千年以上にわたって、命を掛けた道具としての太刀や刀。

それぞれの刀によって最も截断に優れた場所というのは、違ってくるかと思います。

それらの物打ちの位置を調べる簡易的な方法として、刀装した刀身を叩いて打撃音から判断する方法が知られているそうです。

横手筋の下あたりから木片の角などで、はばき元に向かって少しずつ位置をずらして軽く叩いていくそうです。「コン」と澄んだ音が聞こえる位置が物打ち位置だそうです。ただし、振動工学から見た定番振動の節(せつ)を調べることに相当するものだそうです。過度応答を含む衝撃応答実験とは多少違う結果が出てくるそうです。けれども多少の違いがあったからといって、とてもわずかなものだそうです。なので、これを有効な手段としてもいいそうです。日本刀の物打ちの部位としては、野球のバットにたとえるとバットの芯(スイート・スポット)に相当すると考えられるそうです。バットの芯は、ボールを当てるとだいたいの位置を知ることができるそうです。プロ野球の人が、気が遠くなるほど素振りをしたり、打撃練習をしているかと思いますが、武士も物打ちの部位を知るために延々素振りをしたのかもしれないと思うと面白いです。また、野球のバッドも計算上、芯を厳密に知るということができないそうです。そのバッドを使う人次第になるということでしょうか。日本刀と同じですね。

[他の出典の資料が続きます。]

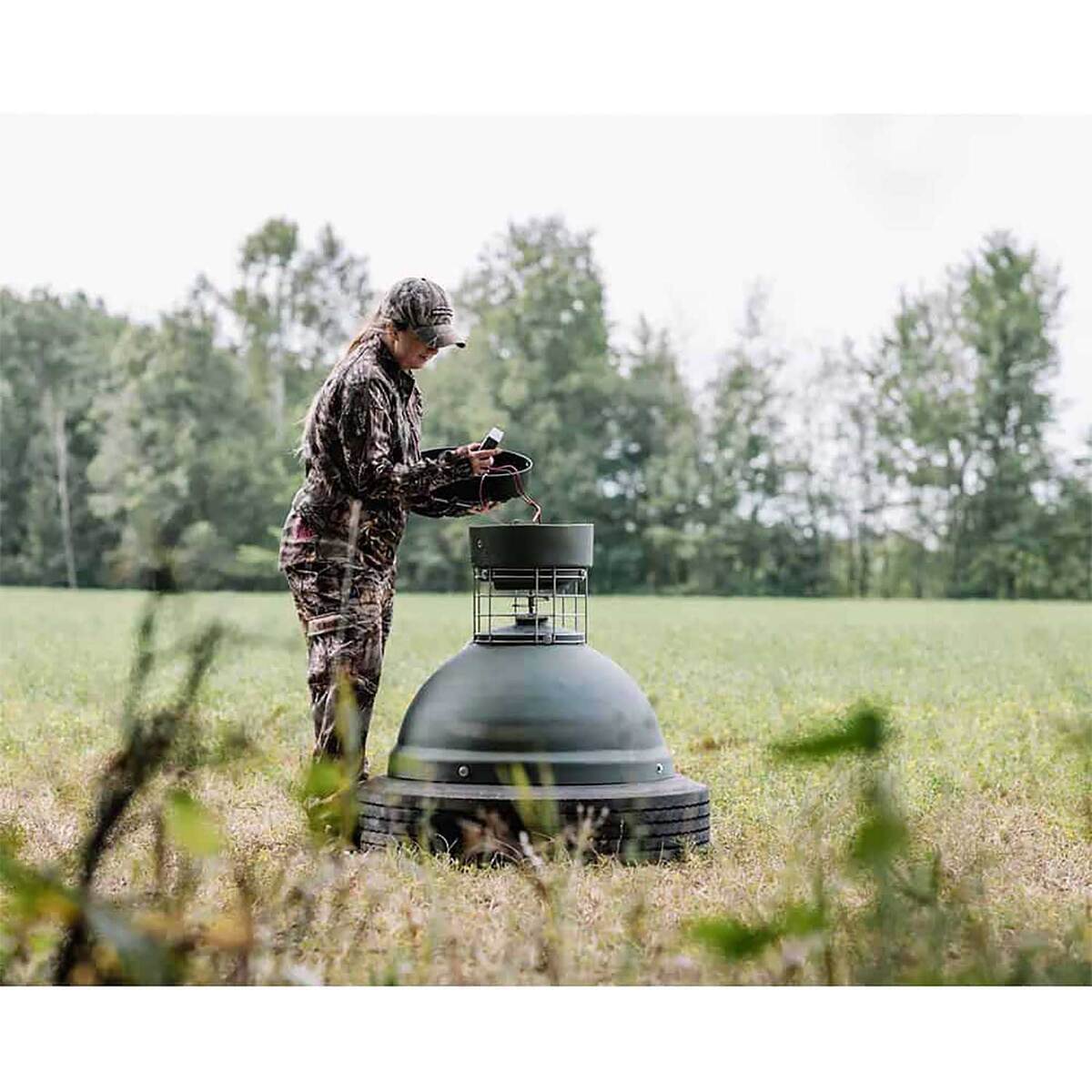 Capsule 250lb Feeder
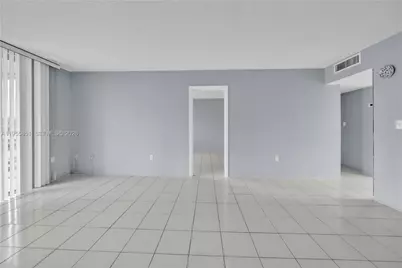 3030 Marcos Dr #T409, Aventura, FL 33160 - Photo 2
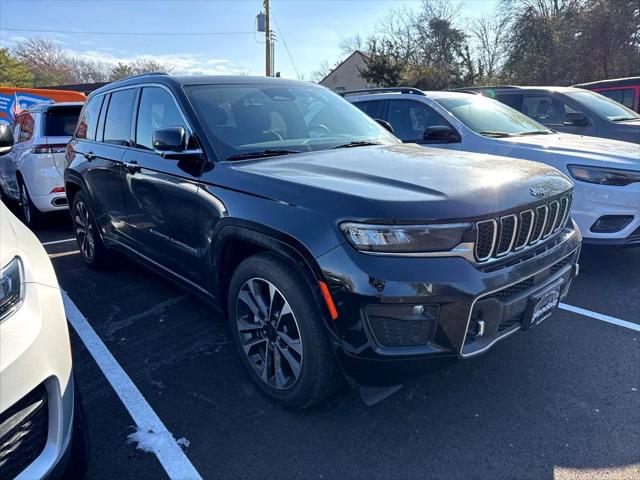 2023 Jeep Grand Cherokee Overland 4x4 2023 Jeep Grand Cherokee Overland 4x4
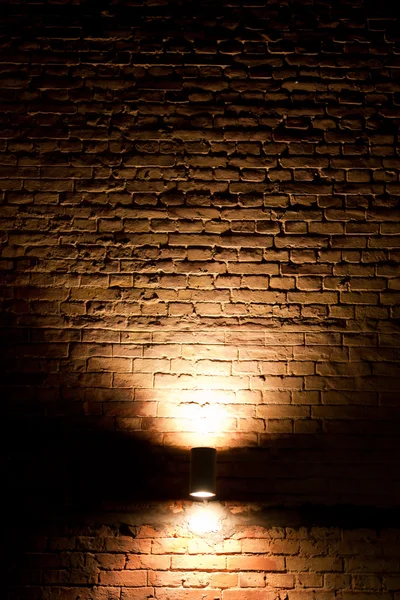 Muurverlichting in het donker — Stockfoto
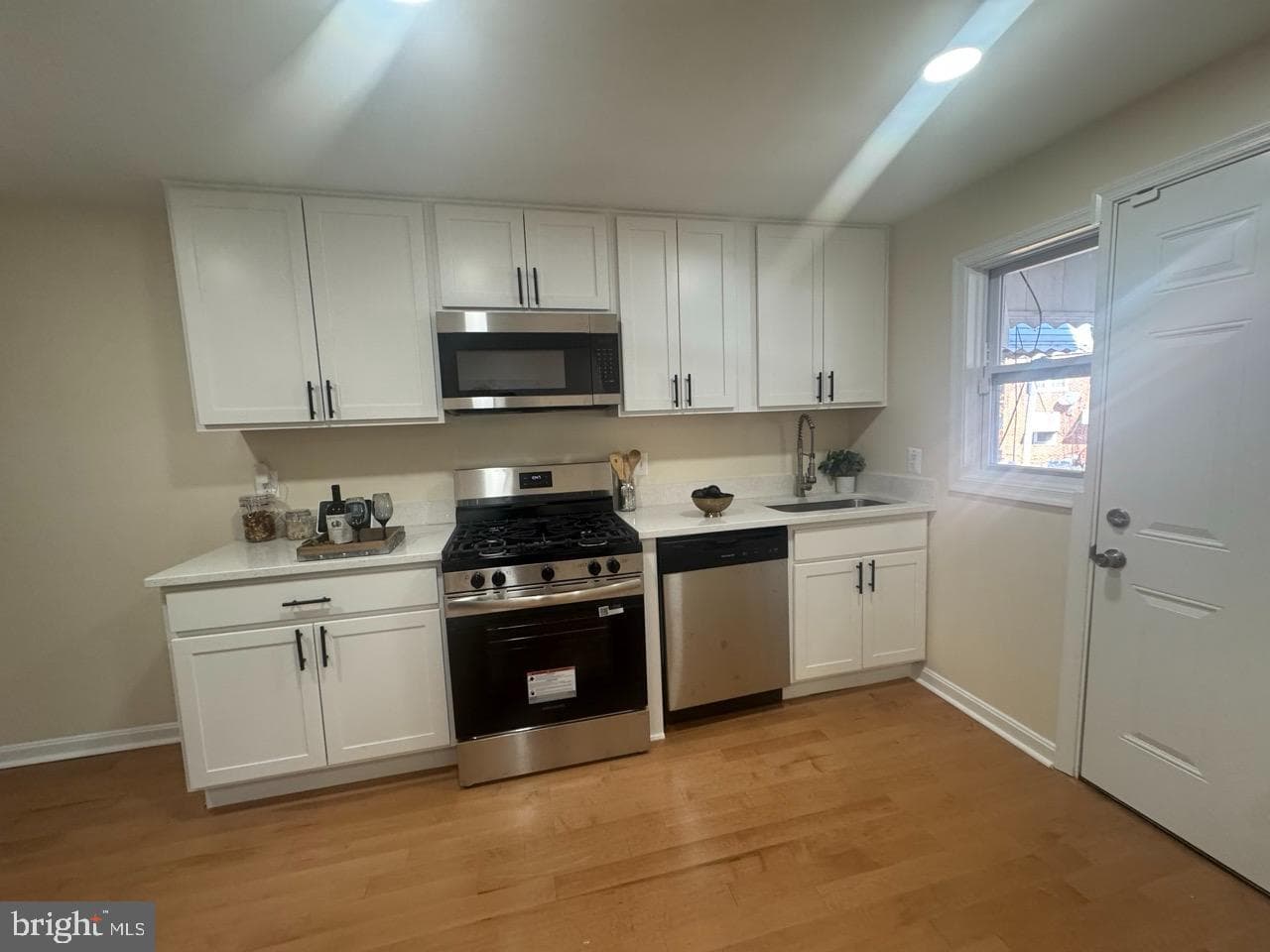 1231 Kevin Road photo 9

「バッドの回転中心を握り、打撃中心で打てば、ボールの飛距離が最大になり、手に力がほとんど掛からず、手もしびれない」と言われているそうです。

ただ研究者からすると、バッドは衝撃によって変形するということもあり、実際とは少し違うのだそうです。

また、バッドは持った時と置いた時と芯の位置はほとんど違いがないそうです。